The sun is out, the flowers are blooming and it’s absolutely beautiful outside. Even our pets are eager to get out the door and enjoy the sunshine, but they may also fall victim to the worst springtime villain: seasonal allergies.
And while loads of us may be sniffling and coughing, the symptoms may look vastly different in our four-legged friends, according to veterinarian Dr. Katy Nelson.
“Some of them will definitely present with the sneezy, watery eyes that we suffer from, but a lot of times pets will only present with skin issues,” said Nelson.
Some signs of seasonal allergies in pets can include chewing at their feet or rear end, rubbing their face or getting ear infections. Flea allergies are also prevalent this time of year, Nelson said.
To make matters worse, secondary infections such as staph or yeast infections may arise from pets chewing on their skin.
“If we stack on all of these allergies, they’re going to reach what I call the itch threshold,” said Nelson. “They’re going to release so much histamine, that they’re going to be itching and suffering from this.”
But there are ways to alleviate allergy symptoms in our pets.
Just like humans, dogs can also take allergy meds, though it’s important to talk to a veterinarian because “it’s a much different dosing than it is for people,” Nelson explained. She also stressed the importance of ensuring flea and tick prevention measures are in place this time of year.
Feeding pets hypoallergenic food and supplements such as omega fatty acids may also help with some of the inflammation pets experience, said Nelson.
Not exactly sure what is causing that horrible itch on your dog? Allergy testing is also available for dogs and cats, but it may not be worth the money.
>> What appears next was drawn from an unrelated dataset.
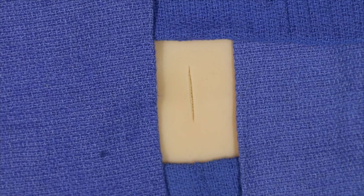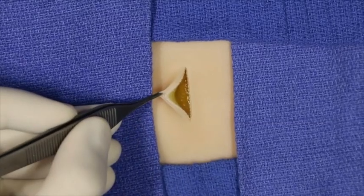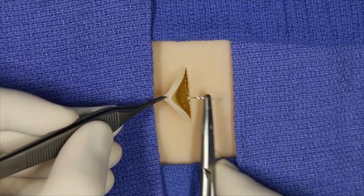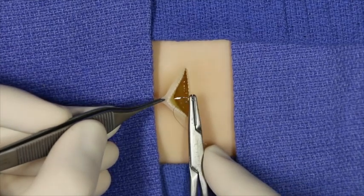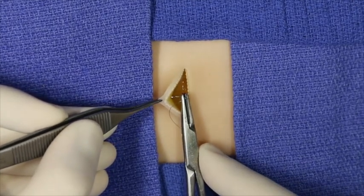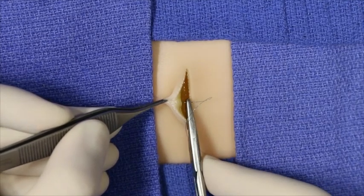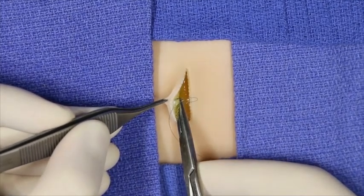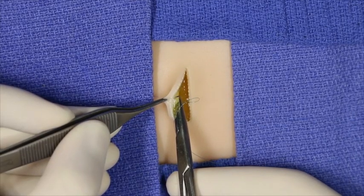The setback buried dermal suture is a workhorse technique. It is performed by reflecting back one edge of the wound. After effective undermining has been performed, the underside of the dermis is exposed. The needle is inserted at 90 degrees into the underside of the dermis and then exits again at the underside of the dermis. Note that the needle does not exit at the incised wound edge.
“If they’re just licking or chewing or getting an ear infection once or twice a year, it’s probably not worth the expense,” said Nelson. “If it’s more than just seasonal, it absolutely justifies that expense.”
If allergies are miserable for humans, it may be even more so for dogs who spend time outside with their snouts low on the grass and flowers and have coats that can trap allergens.
Nelson recommends giving Fido a thorough wipe-down with a wet wipe to keep some of the pollen off their coat before they come back inside. “It will not only help the four-leggers, but it may even help the two-leggers in the house as well,” Nelson said.